## Input for this task
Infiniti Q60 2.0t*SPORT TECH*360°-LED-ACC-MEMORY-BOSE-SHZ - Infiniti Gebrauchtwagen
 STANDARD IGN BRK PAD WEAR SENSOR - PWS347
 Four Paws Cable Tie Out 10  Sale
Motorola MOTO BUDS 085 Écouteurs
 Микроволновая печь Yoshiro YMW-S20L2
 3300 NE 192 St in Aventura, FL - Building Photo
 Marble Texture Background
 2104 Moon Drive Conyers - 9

## Directions for this task
Only one span is wanted. It runs from the first line of the listing through the line with "Микроволновая печь Yoshiro YMW-S20L2", and each line must match exactly.

## Result
Infiniti Q60 2.0t*SPORT TECH*360°-LED-ACC-MEMORY-BOSE-SHZ - Infiniti Gebrauchtwagen
 STANDARD IGN BRK PAD WEAR SENSOR - PWS347
 Four Paws Cable Tie Out 10  Sale
Motorola MOTO BUDS 085 Écouteurs
 Микроволновая печь Yoshiro YMW-S20L2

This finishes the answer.